— Records provided —
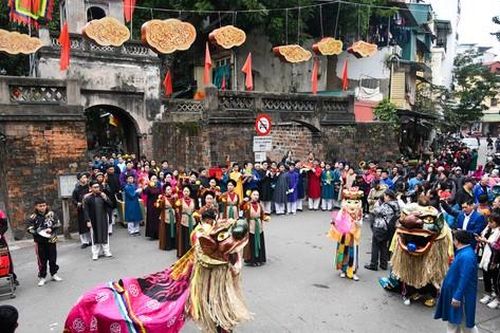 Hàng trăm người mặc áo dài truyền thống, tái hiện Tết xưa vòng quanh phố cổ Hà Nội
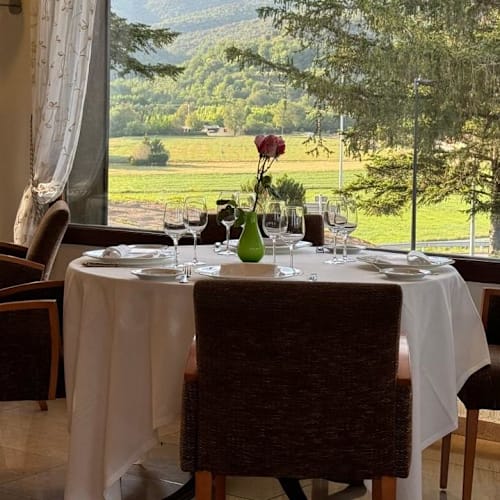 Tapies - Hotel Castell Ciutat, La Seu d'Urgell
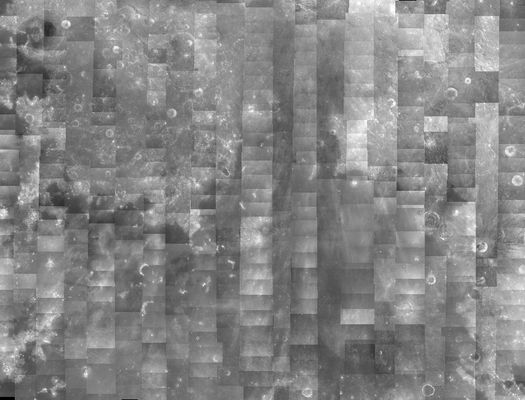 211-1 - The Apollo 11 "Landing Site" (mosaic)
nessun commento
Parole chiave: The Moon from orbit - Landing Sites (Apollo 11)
...
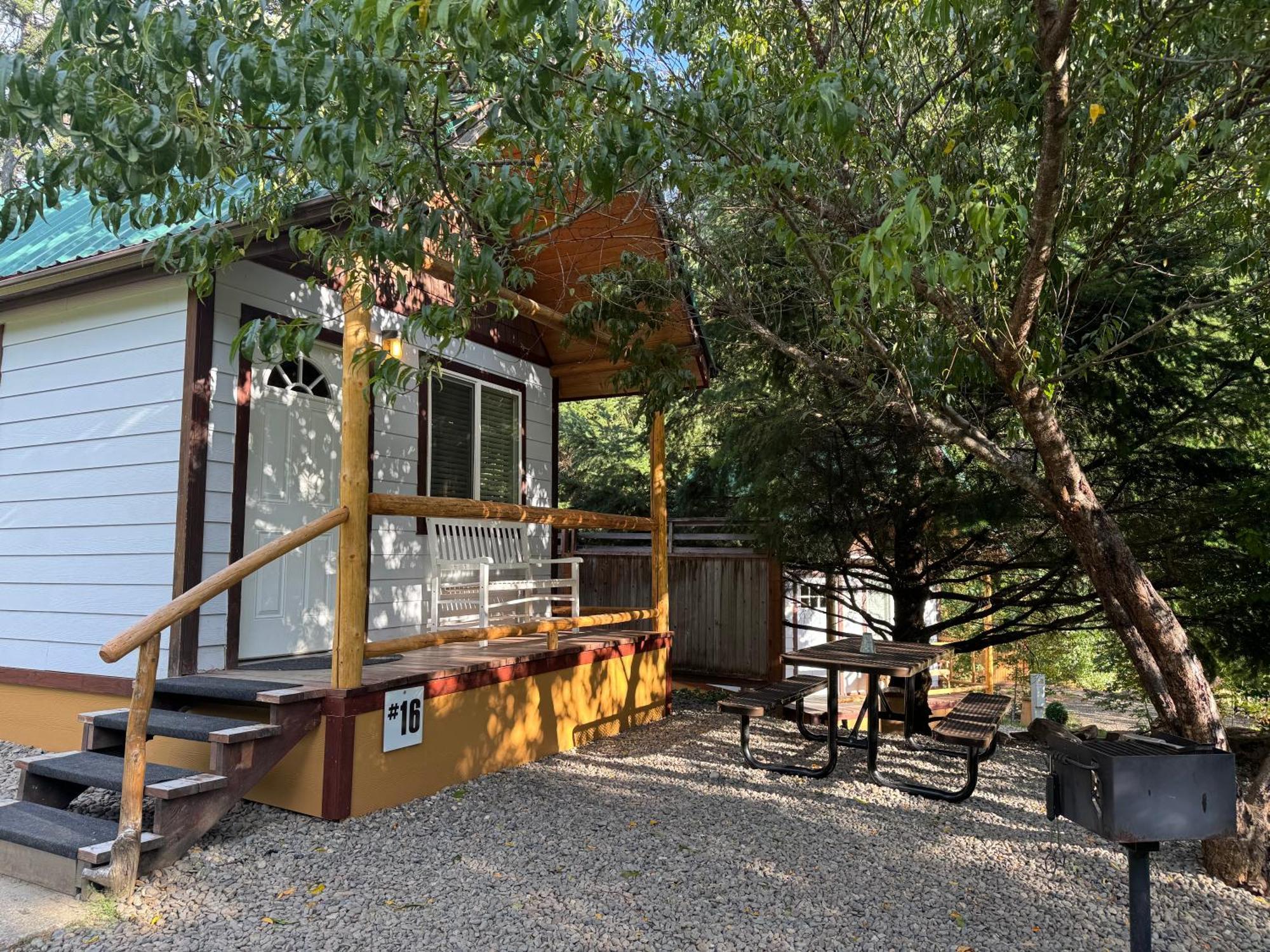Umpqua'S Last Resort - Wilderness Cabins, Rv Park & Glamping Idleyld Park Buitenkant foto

— Your goal —
What to print is the stretch of entries from the line with "Hàng trăm người" up to and including the line with "Parole chiave: The". Please print it exactly and leave out the pictures.

— Task output —
 Hàng trăm người mặc áo dài truyền thống, tái hiện Tết xưa vòng quanh phố cổ Hà Nội
 Tapies - Hotel Castell Ciutat, La Seu d'Urgell
 211-1 - The Apollo 11 "Landing Site" (mosaic)
nessun commento
Parole chiave: The Moon from orbit - Landing Sites (Apollo 11)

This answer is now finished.